- What the task asks:
Return each line of the listing that follows in which the string "Used" can be found.

* * * * *

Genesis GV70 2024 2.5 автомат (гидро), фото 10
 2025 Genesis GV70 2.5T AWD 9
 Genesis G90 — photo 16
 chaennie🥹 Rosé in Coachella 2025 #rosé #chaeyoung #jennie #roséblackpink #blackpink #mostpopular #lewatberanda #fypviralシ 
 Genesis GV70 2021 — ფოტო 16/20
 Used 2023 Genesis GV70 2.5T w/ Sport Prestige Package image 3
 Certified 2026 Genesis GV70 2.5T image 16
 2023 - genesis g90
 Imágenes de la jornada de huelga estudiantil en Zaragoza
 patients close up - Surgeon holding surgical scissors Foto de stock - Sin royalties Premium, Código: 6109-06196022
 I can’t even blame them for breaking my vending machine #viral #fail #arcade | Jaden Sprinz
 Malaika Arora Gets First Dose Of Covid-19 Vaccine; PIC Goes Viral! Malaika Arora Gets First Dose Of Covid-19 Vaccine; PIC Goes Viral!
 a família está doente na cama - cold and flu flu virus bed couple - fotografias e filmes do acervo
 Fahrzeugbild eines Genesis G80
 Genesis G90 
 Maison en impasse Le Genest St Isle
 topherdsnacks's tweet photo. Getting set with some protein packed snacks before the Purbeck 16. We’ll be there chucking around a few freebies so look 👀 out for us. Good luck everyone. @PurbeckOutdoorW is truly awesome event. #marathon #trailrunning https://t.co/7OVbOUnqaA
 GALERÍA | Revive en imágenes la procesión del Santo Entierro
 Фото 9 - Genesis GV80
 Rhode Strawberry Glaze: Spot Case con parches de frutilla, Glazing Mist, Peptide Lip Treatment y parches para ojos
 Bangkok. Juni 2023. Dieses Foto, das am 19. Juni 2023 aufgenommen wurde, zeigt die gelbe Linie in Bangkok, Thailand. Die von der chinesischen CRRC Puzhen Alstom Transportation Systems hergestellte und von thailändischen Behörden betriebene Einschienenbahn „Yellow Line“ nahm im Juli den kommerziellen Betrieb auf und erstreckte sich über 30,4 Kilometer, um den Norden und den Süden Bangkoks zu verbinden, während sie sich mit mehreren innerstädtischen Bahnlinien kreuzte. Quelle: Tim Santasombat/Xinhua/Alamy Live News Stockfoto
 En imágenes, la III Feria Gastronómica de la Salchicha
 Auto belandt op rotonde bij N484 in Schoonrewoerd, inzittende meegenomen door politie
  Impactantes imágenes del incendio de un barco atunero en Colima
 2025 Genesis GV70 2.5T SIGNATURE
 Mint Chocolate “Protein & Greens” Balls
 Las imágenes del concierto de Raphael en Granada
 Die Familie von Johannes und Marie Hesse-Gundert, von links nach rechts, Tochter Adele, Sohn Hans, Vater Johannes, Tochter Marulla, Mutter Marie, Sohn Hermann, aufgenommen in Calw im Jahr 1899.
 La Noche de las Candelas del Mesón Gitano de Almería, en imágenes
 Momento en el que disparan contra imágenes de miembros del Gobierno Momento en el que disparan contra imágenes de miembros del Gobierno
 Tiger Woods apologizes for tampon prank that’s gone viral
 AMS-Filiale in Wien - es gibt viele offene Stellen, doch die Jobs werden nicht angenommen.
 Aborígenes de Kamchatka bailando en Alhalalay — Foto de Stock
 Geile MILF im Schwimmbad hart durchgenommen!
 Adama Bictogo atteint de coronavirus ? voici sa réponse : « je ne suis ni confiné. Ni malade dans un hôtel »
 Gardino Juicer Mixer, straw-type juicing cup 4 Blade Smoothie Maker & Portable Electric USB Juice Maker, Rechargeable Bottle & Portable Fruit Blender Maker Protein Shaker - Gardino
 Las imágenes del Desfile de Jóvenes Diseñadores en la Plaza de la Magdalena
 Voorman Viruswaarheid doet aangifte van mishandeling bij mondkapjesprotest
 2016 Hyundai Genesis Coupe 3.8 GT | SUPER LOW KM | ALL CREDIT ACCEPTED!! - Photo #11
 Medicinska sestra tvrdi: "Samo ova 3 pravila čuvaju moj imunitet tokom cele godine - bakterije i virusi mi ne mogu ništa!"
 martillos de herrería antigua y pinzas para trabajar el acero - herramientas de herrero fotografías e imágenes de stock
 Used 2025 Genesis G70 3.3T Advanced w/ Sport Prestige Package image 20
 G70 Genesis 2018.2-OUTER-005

* * * * *

- Solution to this problem:
 Used 2023 Genesis GV70 2.5T w/ Sport Prestige Package image 3
 Used 2025 Genesis G70 3.3T Advanced w/ Sport Prestige Package image 20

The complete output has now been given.